Manchester United announced today that Everton manager David Moyes will be Sir Alex Ferguson's successor. Ferguson announced he would retire at the end of the season yesterday after 26 seasons at the club.
Though most teams hire a new coach to shake up the club culture, United was looking for a seamless transition when they signed Moyes. Real Madrid manager José Mourinho and Carlo Ancelotti were two candidates, both with higher profiles and experience managing world powers, but Moyes was the safer play. Like Fergie, the Everton manager is Scottish, and the two have a good relationship. The legendary United manager even approached Moyes once about taking the assistant manager position with the club. Unlike the whimsical Mourinho and Ancelotti who bounce from team to team, Moyes, who was in charge at Everton for 11 years, is expected to bring stability to United. And just to ensure the club doesn't falter while transitioning, Ferguson will stay on in an executive role. Moyes signed a six-year deal, and he starts on July 1.

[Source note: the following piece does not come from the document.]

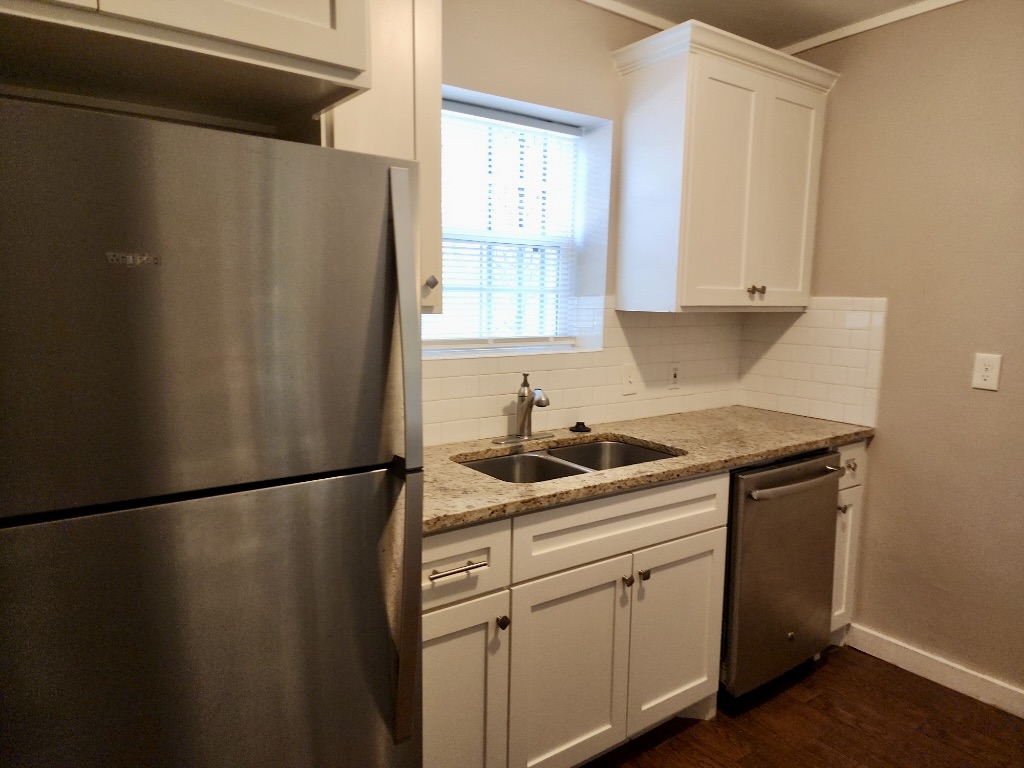 1409 Kirkwood Road, Unit A Austin, TX 78722 - Photo 3 of 15 a kitchen with a sink and a refrigerator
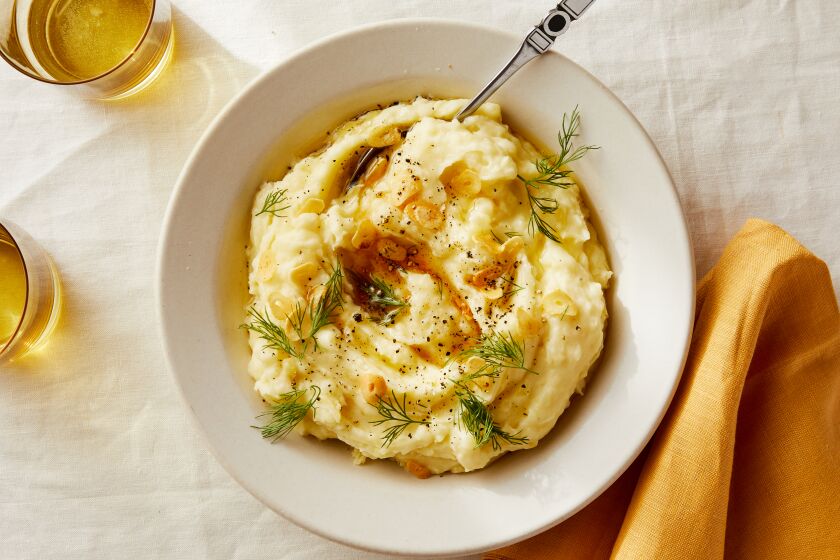Sizzled Garlic and Labneh Creamed Potatoes by Chef Andy Baraghani. Prop styling by Dorothy Hoover.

All signs suggest Moyes will have a successful reign at Old Trafford. First, it's not like Fergie's going anywhere. But the Toffees' coach has also overachieved year after year. He's never won a trophy at Everton, but the club doesn't have much in the way of financial resources. They've consistently finished in the top half of the table in his time there, and in 2005, they qualified for the Champions League when they finished in the top four of the Premier League. Four years later, Everton made it to the final of the FA Cup. Moyes has won the League Manager's Association Manager of the Year three times— a record, and as many as Ferguson has won himself. This season, the Toffees still have an outside shot to qualify for the Europa League.
Moyes has done a lot with little for over a decade, but starting next year, he'll have almost unlimited money and clout with which to sign the best players in the world. But let's be perfectly clear: managing one of the world's biggest clubs might absolutely suck. Fergie, after all, is a tough act to follow. He took over when United was an irrelevant club nearly 27 seasons ago, and he's won 38 trophies since. The guy was knighted for his achievement in the sport three years before Moyes even took the reins at Goodison Park.
The first thing Moyes will have to deal with is the Wayne Rooney situation. Last month, Rooney told Ferguson he was keen on moving on, and recently, PSG and Bayern Munich have come knocking. And though Moyes coached Rooney way back when the striker was a teenager just starting his career at Everton, the two have had a rocky relationship. You have to expect Moyes and the Red Devils to bounce back even if they end up selling the English star, though. Ever since Ferguson, it's been the United way.